カトリーヌ・ド・メディシスの墓ー情念の漂う空間
サンドニにはマリー・アントワネットの他にもさまざまな歴史を彩った人たちが眠っている。例えば、アンリ2世とカトリーヌ・ド・メディシス夫妻。
アンリ2世の父は、レオナルド・ダ・ヴィンチをフランスに招くなど、フランスを政治だけでなく文化的にも一流にしようとしたファランソワ1世だ。
そのファランソワ1世の死によって、アンリ2世は1547年、王位に就いた。
また、カトリーヌは、その名前からわかるようにイタリア・メディチ家の出身。フィレンツェからフランスに嫁入りした。
だが、2人の結婚生活は決して幸せなものではなかった。実は、アンリ2世には惚れ込んだ愛人がいた。ディアーヌ・ド・ポワティエ。
アンリがまだ子供のころ、彼の家庭教師となったのがきっかけで、アンリはディアーヌを愛してしまった。その関係はアンリが死ぬまで続く。アンリが王位に就いた28歳時にディアーヌは既に47歳。でも実年齢より20歳も若く見えるほどの美人だったという。ただ、カトリーヌとの関係も没交渉だったわけではない。2人の間には10人もの子供が生まれていた。
その長女エリザベトの結婚式祝賀の日、事件が起きた。開催された馬上槍試合の槍が誤ってアンリ2世の目を突いてしまった。この怪我が原因でアンリ2世は死亡。
その悲劇を示すかのように、アンリ2世の横臥像はがっくりと頭をのけぞらせている。それに伴って、愛人ディアーヌも追放の憂き目にあった。
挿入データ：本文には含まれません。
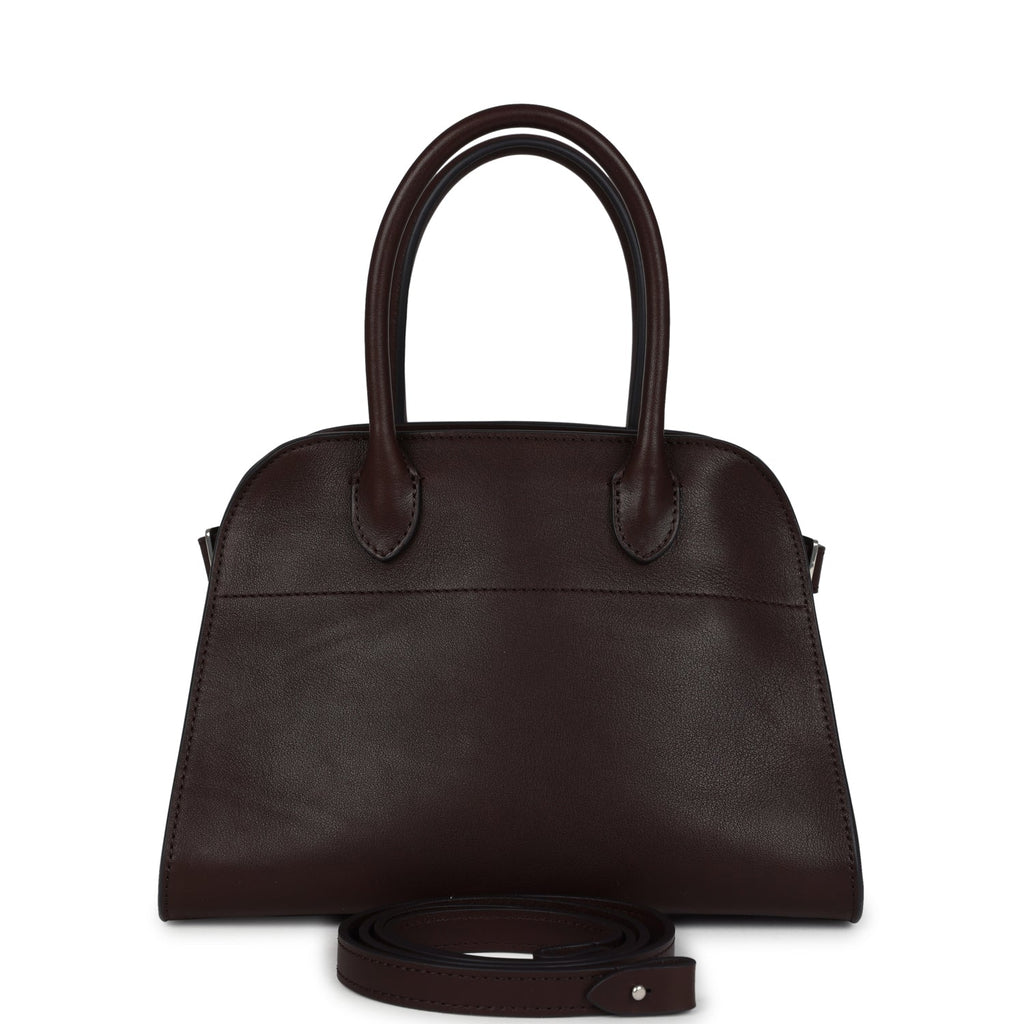 The Row Soft Margaux 10 Bag Chestnut Saddle Leather Silver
夫の死後、カトリーヌは3人の子供たちの摂政として約30年間実権を握り続けた。だが、決してそれは充実した期間というわけではなかった。
長男フランソワ2世は王位継承後約1年で早世。二男シャルル9世はカトリックとプロテスタントによる内乱状態の中で病死、3男アンリ3世も暗殺されるという結果に終わった。いずれも子供はおらずカトリーヌのヴァロワ家の直系はここで途絶えることになった。
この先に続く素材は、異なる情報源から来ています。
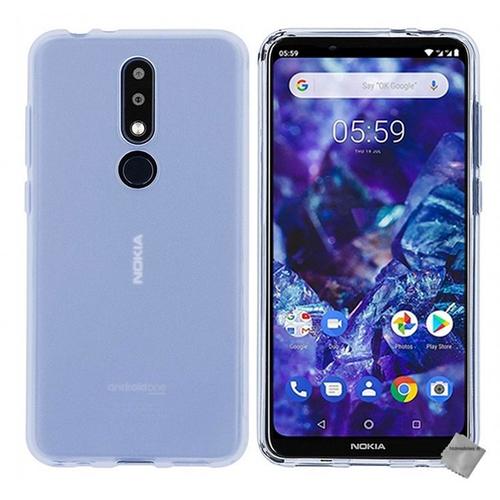 Housse Etui Coque Pochette Silicone Gel Fine Pour Nokia 5.1 Plus (2019) + Film Ecran - Blanc Transparent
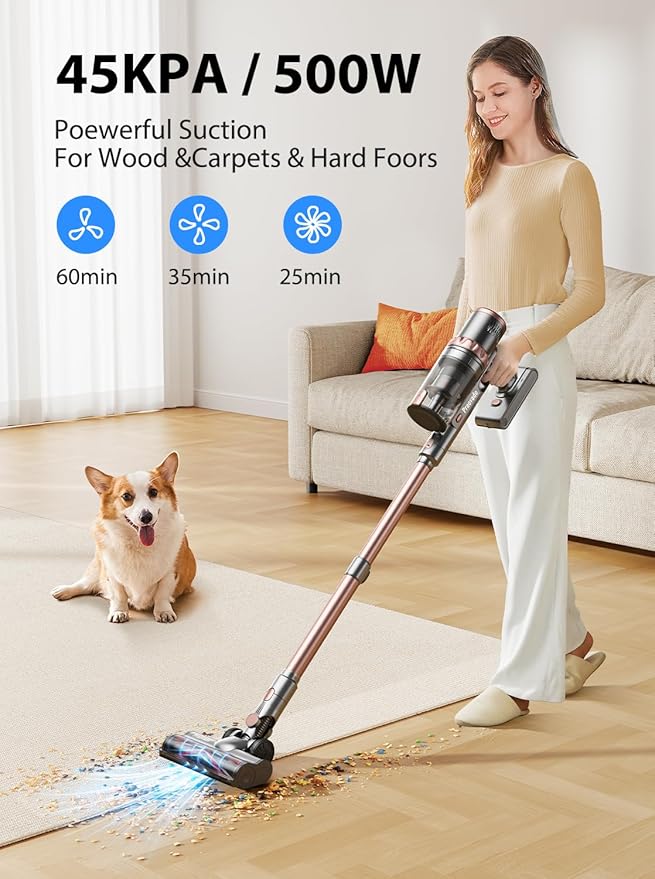Vacuum Cleaners, 45KPa Powerful Suction Cordless Vacuum Cleaner with LED Touch Display, 60mins Runtime Lightweight Stick Vacuums，Handheld Vacuums for Home, Pet Hair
王妃ルイーズ・ド・ロレーヌとアンリ3世の横臥像もあった。
カトリーヌはさまざまなイタリア文化をフランス王室に持ち込んだ。ジェラートやマカロンの移入、フォークによる食事の習慣、イタリア料理を基にしたフランス宮廷料理の確立も彼女の功績だ。
この像はアンリ2世とカトリーヌの墓廟を飾る従者の像だ。とても優雅な姿だった。
同じくこちらも美しい従者の像。王たちと違って重い歴史を背負っていない分だけ気軽にみられるので造形の方に気持ちが傾くせいかも。
また、アンリ2世の祖父母に当たるルイ12世とブルターニュ公アンの像もあった。
なお、後にフィレンツェ・メディチ家出身のマリー・ド・メディシスがフランス王室に嫁入りするが、その相手アンリ4世は再婚。前妻マルグリットは、実はカトリーヌの娘だったという不思議な縁があった。
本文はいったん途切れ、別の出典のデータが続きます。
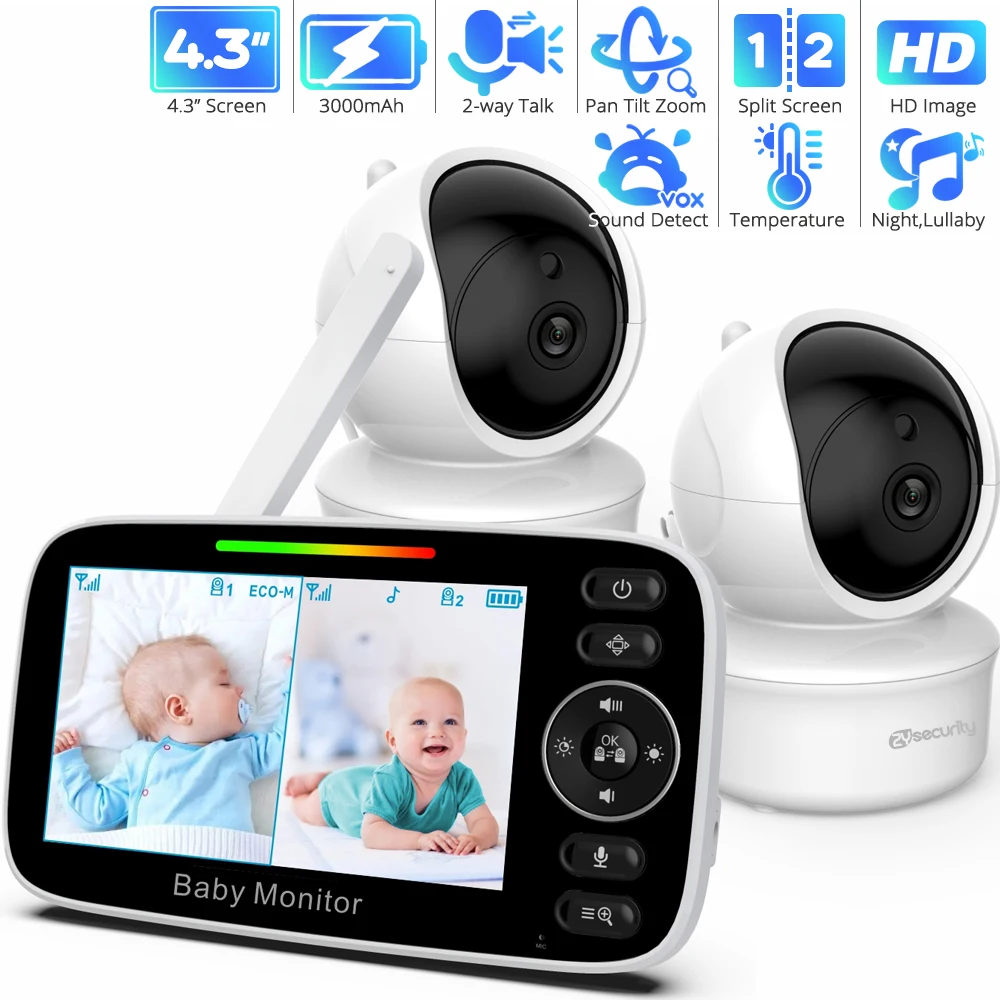 4.3Inch Video Baby Monitor with 2 Cameras Pan Tilt Zoom,3000mAh Battery Babyphone 2-way Talk Night Vision Temperature Babysitter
聖堂には他にも繊細に衣服の襞が施されたものなどさまざまな像が横たわっていた。
いずれにしてもこのサンドニ聖堂は、おびただしい死のイメージとともに、怨念や憎悪、嘆きといった、満たされぬ情念の断片がそこかしこに漂っているような感覚に包まれていた。
パソコンの故障でだいぶブランクが空きました。済みません。